Si vous souhaitiez parcourir le site dans l'ordre (anté)chronologique d'origine, votre bonheur se trouve dans les Archives.

Se mêler à la foule

Hier soir, c’est avec Yo-chan que nous nous sommes rendus au festival Tenjin-Matsuri, une des fêtes les plus importantes d’Osaka. Un feu d’artifice de 5000 fusées (c’était 1000 de plus que l’an passé), forcement, ça attire un peu de monde et une foule dense remonte d’un même pas la rivière Yodogawa, depuis Yodoyabashi34.693003135.500950 jusqu’à Temmabashi34.691168135.517451. Une large, très large proportion des filles vient ici en kimono d’été, beaucoup de garçons les accompagnent en tenue traditionnelle. Ca fait de belles photos, et de beaux souvenirs.

Cette année, on a vu de la lumière un peu plus au nord, et on s’est un peu écarté de ce parcours jalonné de Yatai, d’où aucune fuite n’est possible. On y a retrouvé encore du monde, et surtout le temple de Tenmangu d’Osaka, par hasard, je crois même que mon épouse ne l’avait jamais visité.

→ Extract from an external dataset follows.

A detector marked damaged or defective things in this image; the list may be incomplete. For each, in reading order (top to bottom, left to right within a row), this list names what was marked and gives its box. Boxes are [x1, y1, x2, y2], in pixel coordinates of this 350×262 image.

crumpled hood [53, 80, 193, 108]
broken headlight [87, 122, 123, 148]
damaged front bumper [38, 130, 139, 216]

Comme l’an passé, on n’a vu des feux d’artifices que des flashs dans le ciel et quelques fusées partielles et lointaines. Par contre, on est également tombé sur une procession plutôt impressionnante, où deux groupes de percussionnistes se faisant face sur le même taiko se hurlent alternativement les uns sur les autres.

On croise une famille avec des petites filles très mignonnes qui connaissent les gestes de la danse du dragon. On se voit offrir quelques Castella en cadeaux, ceux là ont la forme du Mikoshi de la fête. Yo-chan est bavarde, le courant passe bien !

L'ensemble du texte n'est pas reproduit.